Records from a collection
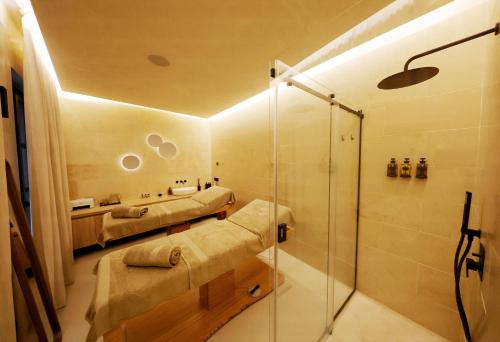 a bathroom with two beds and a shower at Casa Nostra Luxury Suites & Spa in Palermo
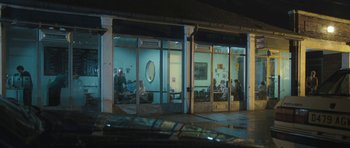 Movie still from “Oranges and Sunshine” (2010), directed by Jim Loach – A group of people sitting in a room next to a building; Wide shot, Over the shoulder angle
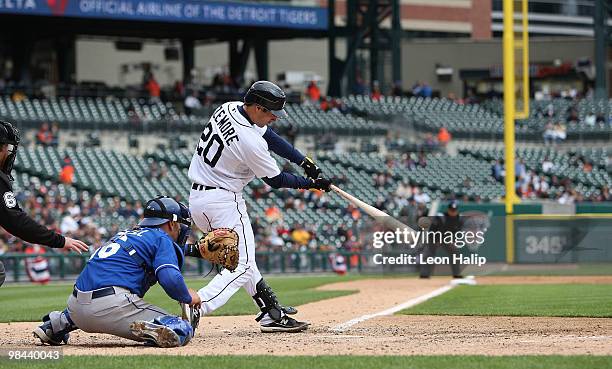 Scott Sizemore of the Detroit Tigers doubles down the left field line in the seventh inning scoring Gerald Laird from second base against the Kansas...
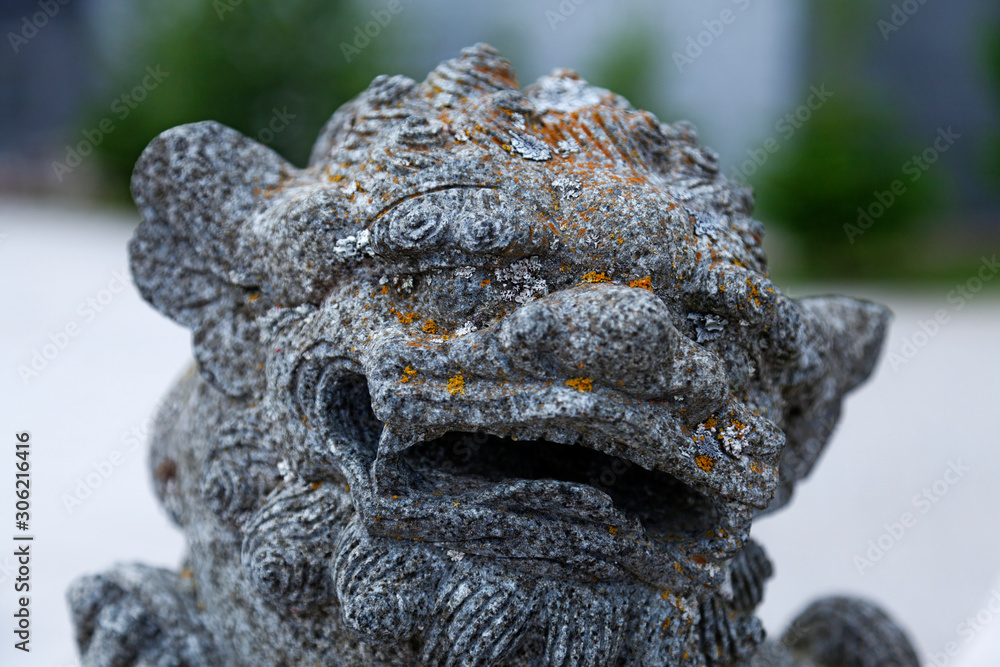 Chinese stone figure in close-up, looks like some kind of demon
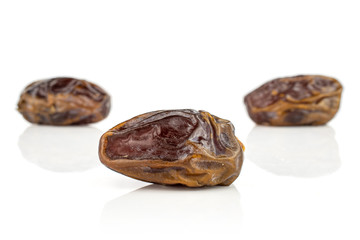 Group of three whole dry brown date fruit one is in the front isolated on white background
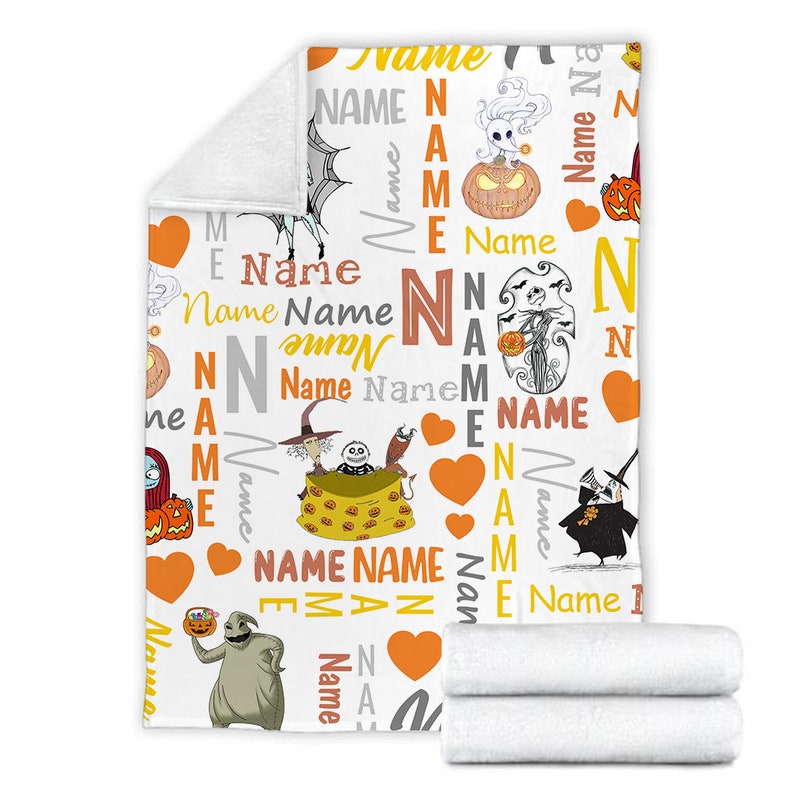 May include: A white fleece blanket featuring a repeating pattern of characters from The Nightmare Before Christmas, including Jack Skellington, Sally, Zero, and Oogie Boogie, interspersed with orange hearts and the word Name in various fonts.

» Exercise description
Your answer must be an exact copy of the records, without the pictures.

» Result below
 a bathroom with two beds and a shower at Casa Nostra Luxury Suites & Spa in Palermo
 Movie still from “Oranges and Sunshine” (2010), directed by Jim Loach – A group of people sitting in a room next to a building; Wide shot, Over the shoulder angle
 Scott Sizemore of the Detroit Tigers doubles down the left field line in the seventh inning scoring Gerald Laird from second base against the Kansas...
 Chinese stone figure in close-up, looks like some kind of demon
 Group of three whole dry brown date fruit one is in the front isolated on white background
 May include: A white fleece blanket featuring a repeating pattern of characters from The Nightmare Before Christmas, including Jack Skellington, Sally, Zero, and Oogie Boogie, interspersed with orange hearts and the word Name in various fonts.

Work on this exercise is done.